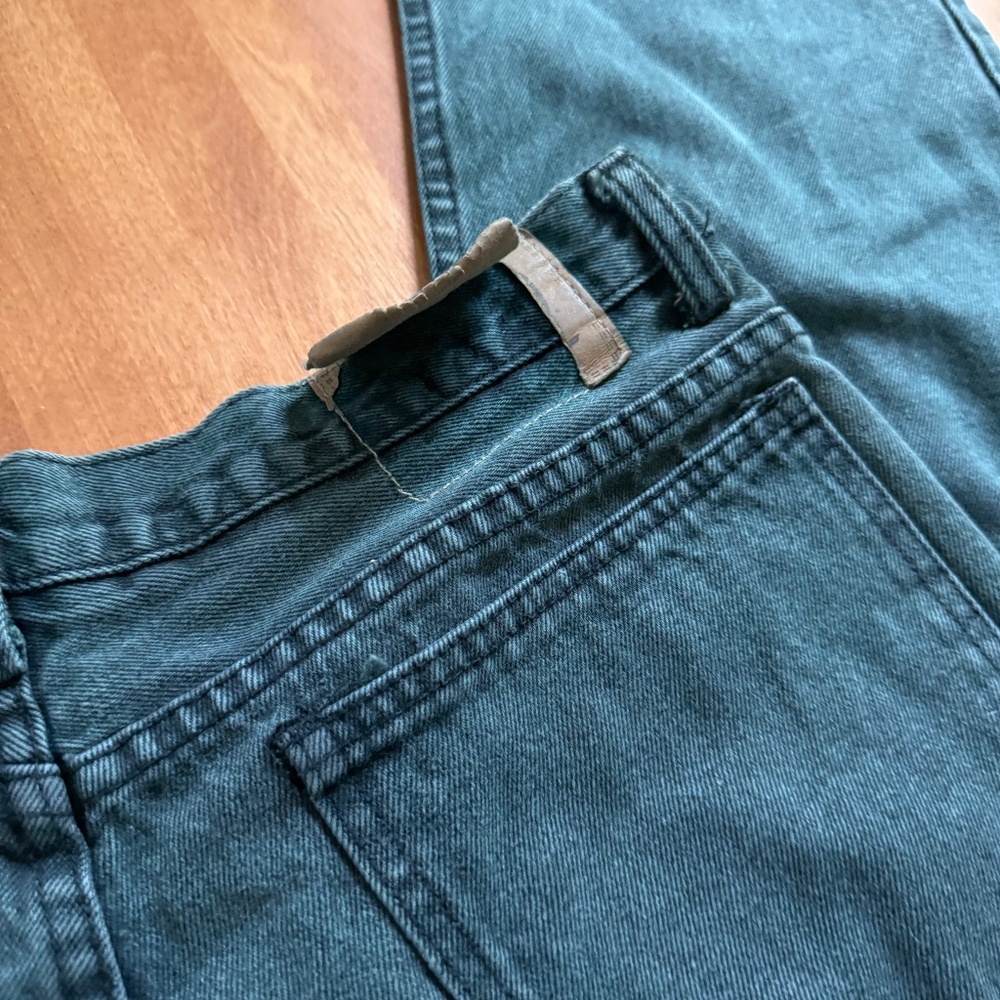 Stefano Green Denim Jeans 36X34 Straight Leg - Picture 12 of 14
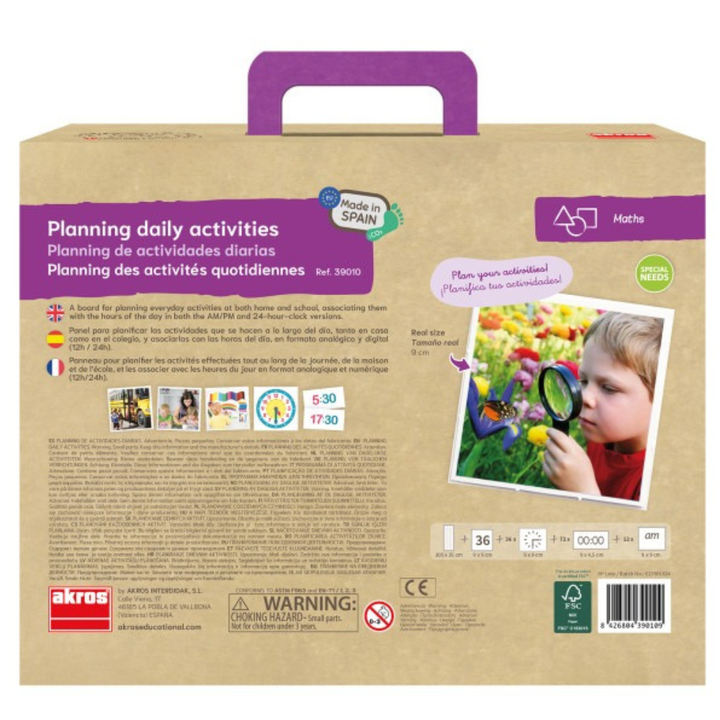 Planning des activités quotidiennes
--
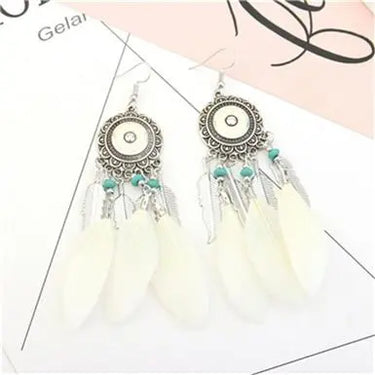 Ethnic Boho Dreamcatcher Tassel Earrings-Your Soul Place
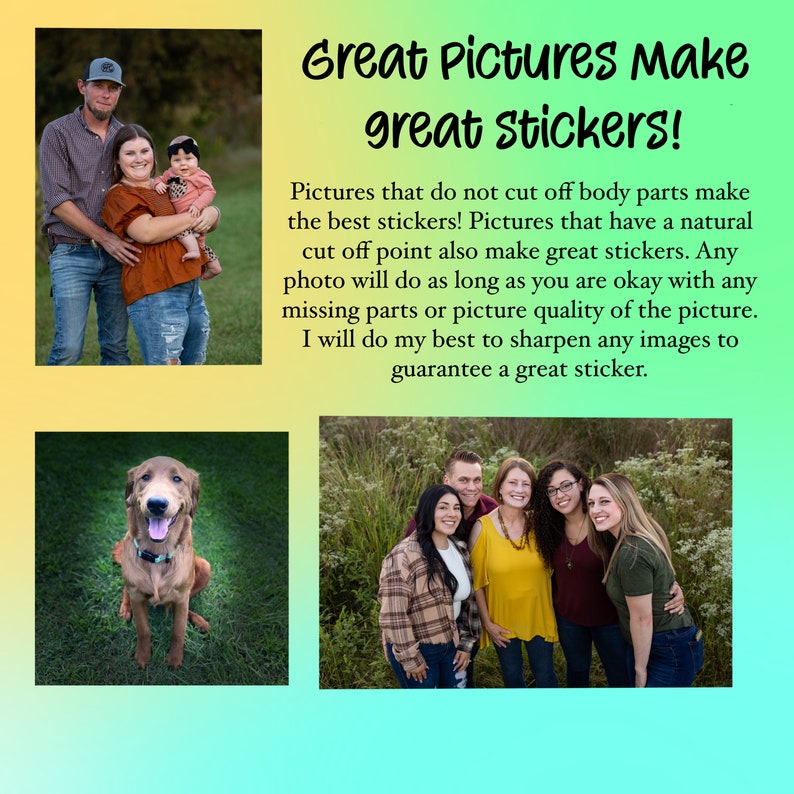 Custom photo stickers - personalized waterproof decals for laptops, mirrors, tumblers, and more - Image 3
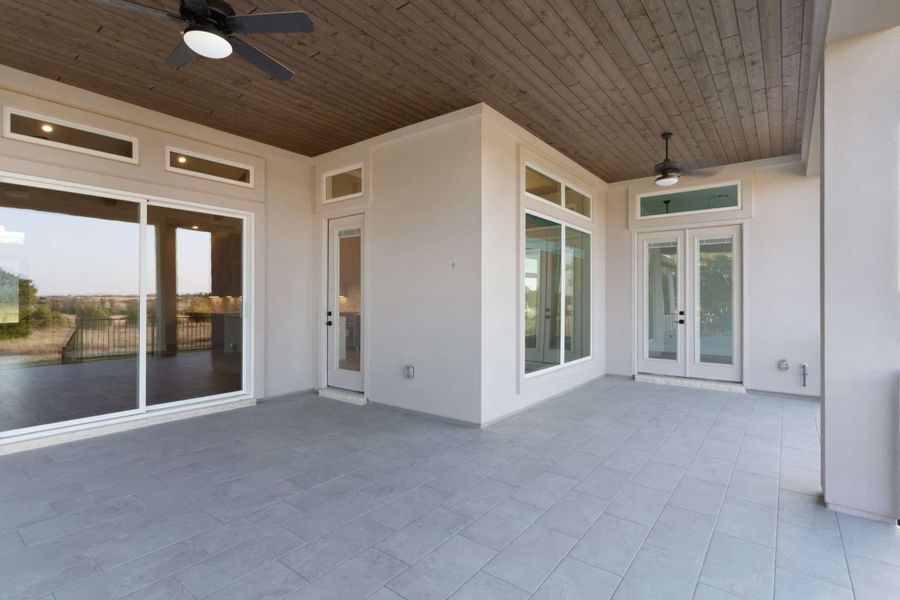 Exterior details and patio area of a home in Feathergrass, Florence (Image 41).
==
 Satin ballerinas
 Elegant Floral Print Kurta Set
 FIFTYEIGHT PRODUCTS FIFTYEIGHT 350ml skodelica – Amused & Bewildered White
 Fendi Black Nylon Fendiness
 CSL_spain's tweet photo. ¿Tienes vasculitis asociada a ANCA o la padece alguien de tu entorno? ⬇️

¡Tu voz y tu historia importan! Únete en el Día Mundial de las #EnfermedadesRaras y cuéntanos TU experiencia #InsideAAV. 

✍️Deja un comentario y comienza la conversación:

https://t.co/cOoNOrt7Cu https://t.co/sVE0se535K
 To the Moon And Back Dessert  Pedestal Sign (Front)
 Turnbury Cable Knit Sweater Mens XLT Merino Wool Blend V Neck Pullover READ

## Work to complete
In the listing above, locate the line containing "To the Moon" and the line containing "Turnbury Cable Knit". Transcribe those two lines and everything between them, exactly as written.

## Response
 To the Moon And Back Dessert  Pedestal Sign (Front)
 Turnbury Cable Knit Sweater Mens XLT Merino Wool Blend V Neck Pullover READ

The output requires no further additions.